The 100-point Reparations proposal includes the highly publicized $5 million lump-sum payments to eligible Black adults, and adds annual income supplements to match the area median income for 250 years. It also features comprehensive Black debt forgiveness, prioritizes housing assistance, and provides targeted programs in Black education and Black health. While proponents and activists frame it as restitution for systemic harms like redlining and the War on Drugs, this plan represents an egregious overreach of government power. It violates core principles of individual liberty, fiscal responsibility, and colorblind justice enshrined in American law. It also pretends the Civil Rights Act of 1964 doesn’t exist.
Not only does it flout federal and state constitutional protections against racial discrimination, it also imposes an unsustainable financial burden on taxpayers today and in the future, exacerbating social divisions rather than fostering unity. Mayor Daniel Lurie has the duty to outright reject it in favor of merit-based, race-neutral reforms.

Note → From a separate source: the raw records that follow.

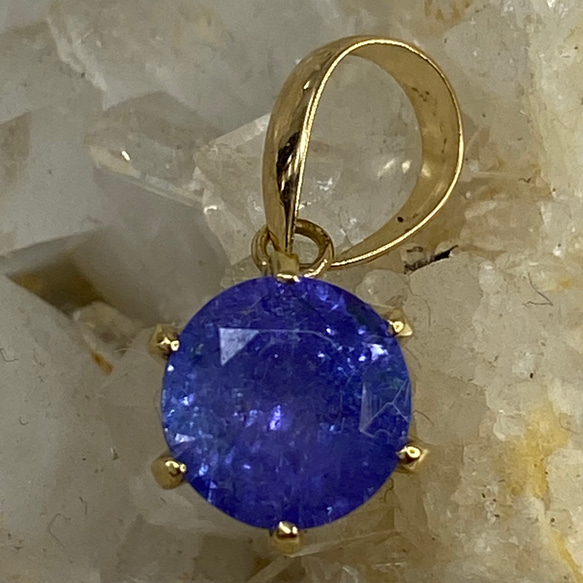 k18YG AU750 18金 天然タンザナイト 0.87ct ペンダントトップ よーだ  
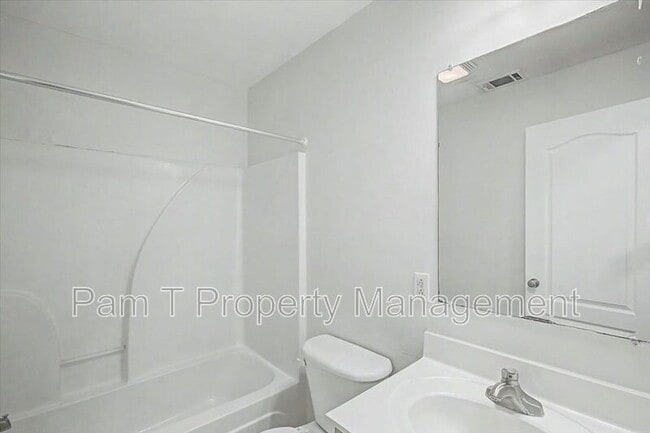 Building Photo - 1312 Dieter St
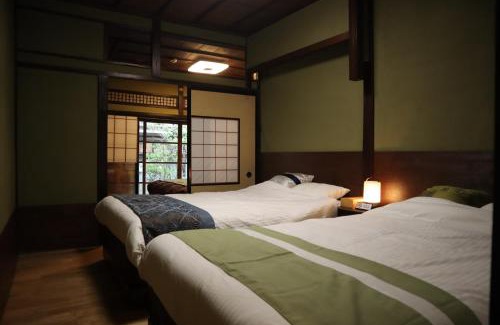 Toyama House | 売薬宿屋山キ HH4x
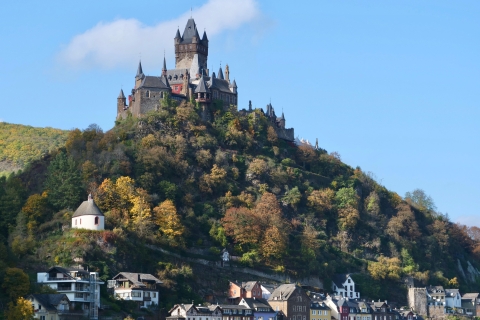 Evening-Cruise to the fireworks of the Cochemer Winefest. Evening-Cruise to the fireworks of the Cochem.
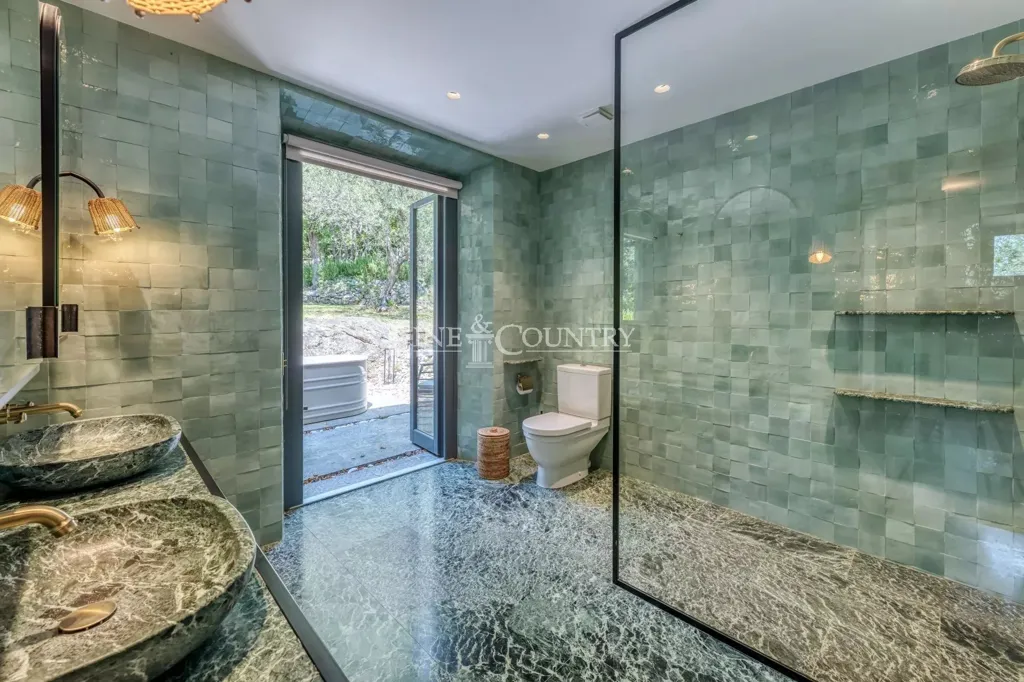 Salles de bain - Villa avec vue panoramique près de Cabris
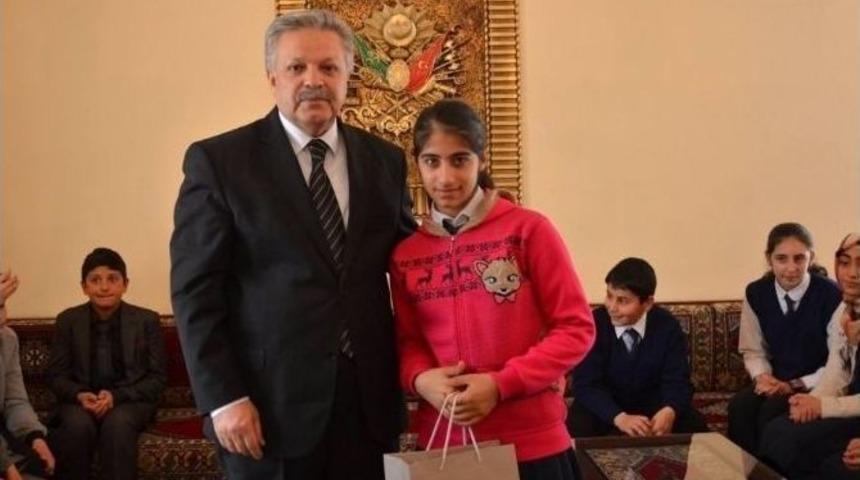 Vali Kahraman &Ouml;ks&uuml;z Ve Yetim &Ccedil;ocukları Yalnız Bırakmıyor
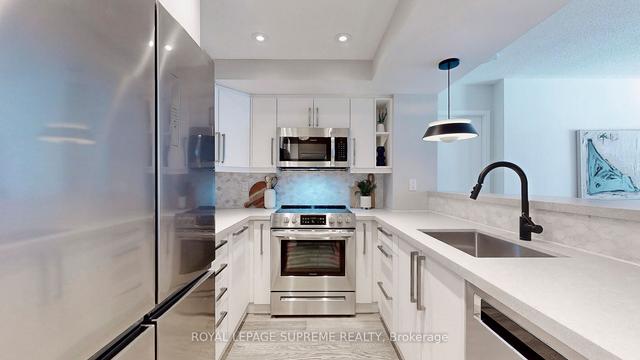 812 - 5 Rosehill Ave, Condo with 2 bedrooms, 2 bathrooms and 1 parking in Toronto ON | Image 9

At the federal level, the Reparations plan violates the Equal Protection Clause of the Fourteenth Amendment, which mandates that no state shall “deny to any person the equal protection of the laws.” San Francisco’s planned race-based government actions are subject to strict scrutiny, requiring a compelling governmental interest, where the plan fails miserably. The Supreme Court’s 2023 decision in Students for Fair Admissions v. Harvard reaffirmed that racial classifications are by nature inherently suspect and rarely justifiable, even for “remedy” purposes.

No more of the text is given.